I am archiving the runs of a recipe as a csv dataset in a folder on Dataiku and syncing the latest run to a separate dataset. Can I establish a check which compares the latest run with the previous run rather than predefined numbers? 

0 Kudos
1 Reply
Turribeach

You don't really clarify what exactly you want to compare in your check but this should be possible. As a sample I have a dataset with 3 columns where the third column is called "Some_Number". I go and add a Metric to calculate the Max of the "Some_Number" column under Column statistics. Then I go to Checks and create a custom Python Check:

 

def process (last_values, dataset):

    df = dataset.get_dataframe()
    current_val = df['Some_Number'].max()

    last_val = last_values['col_stats:MAX:Some_Number'].get_value()

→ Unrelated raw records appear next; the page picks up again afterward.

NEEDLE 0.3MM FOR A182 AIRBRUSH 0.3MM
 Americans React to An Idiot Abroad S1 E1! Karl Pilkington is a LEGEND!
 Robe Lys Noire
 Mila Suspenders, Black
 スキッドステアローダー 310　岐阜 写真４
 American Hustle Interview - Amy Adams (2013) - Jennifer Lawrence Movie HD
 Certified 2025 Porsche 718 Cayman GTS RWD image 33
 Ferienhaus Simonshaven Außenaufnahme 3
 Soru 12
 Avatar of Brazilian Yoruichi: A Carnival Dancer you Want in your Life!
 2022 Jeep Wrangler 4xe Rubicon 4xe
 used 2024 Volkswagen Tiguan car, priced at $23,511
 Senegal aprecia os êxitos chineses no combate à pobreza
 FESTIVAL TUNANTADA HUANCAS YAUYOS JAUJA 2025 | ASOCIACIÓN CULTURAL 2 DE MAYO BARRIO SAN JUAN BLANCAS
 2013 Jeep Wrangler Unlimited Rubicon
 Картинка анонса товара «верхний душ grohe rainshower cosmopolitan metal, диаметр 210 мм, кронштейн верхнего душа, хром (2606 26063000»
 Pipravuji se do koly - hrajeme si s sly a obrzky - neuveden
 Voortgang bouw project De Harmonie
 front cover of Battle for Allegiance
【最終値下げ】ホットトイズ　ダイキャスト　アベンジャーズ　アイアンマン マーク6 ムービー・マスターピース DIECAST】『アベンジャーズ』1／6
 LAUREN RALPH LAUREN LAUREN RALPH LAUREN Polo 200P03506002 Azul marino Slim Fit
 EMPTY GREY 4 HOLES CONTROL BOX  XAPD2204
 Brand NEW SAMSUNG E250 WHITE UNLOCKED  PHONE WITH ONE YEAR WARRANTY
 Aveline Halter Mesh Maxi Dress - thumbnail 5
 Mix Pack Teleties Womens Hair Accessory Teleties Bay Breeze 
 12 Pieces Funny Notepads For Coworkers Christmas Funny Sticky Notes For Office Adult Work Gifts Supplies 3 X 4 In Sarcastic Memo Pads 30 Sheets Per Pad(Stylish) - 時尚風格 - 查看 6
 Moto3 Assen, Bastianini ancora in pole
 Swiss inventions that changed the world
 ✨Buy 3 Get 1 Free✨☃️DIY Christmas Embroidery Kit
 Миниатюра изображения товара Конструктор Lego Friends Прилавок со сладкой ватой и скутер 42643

    if last_val != current_val:
        return 'WARN'
    else:
        return 'OK'

 

As you can see from the code I first calculate the max of column and I then retrieve the last metric value and compare it. The key for this to work is that you need make sure the check runs BEFORE the metric is recalculated for the current run as otherwise you will loose the previous metric value once it's recalculated. Another option can be to do it via scenario variables where you could calculate metrics before you build the dataset, store the value of the metric in a scenario variable, build dataset and then calculate the new metrics and store the new metric value in another scenario variable for comparasion in another scenario step. But I am not really sure what you are trying to achieve so the best approach will depend on what your actual requirement is: what do you need to compare and why.

0 Kudos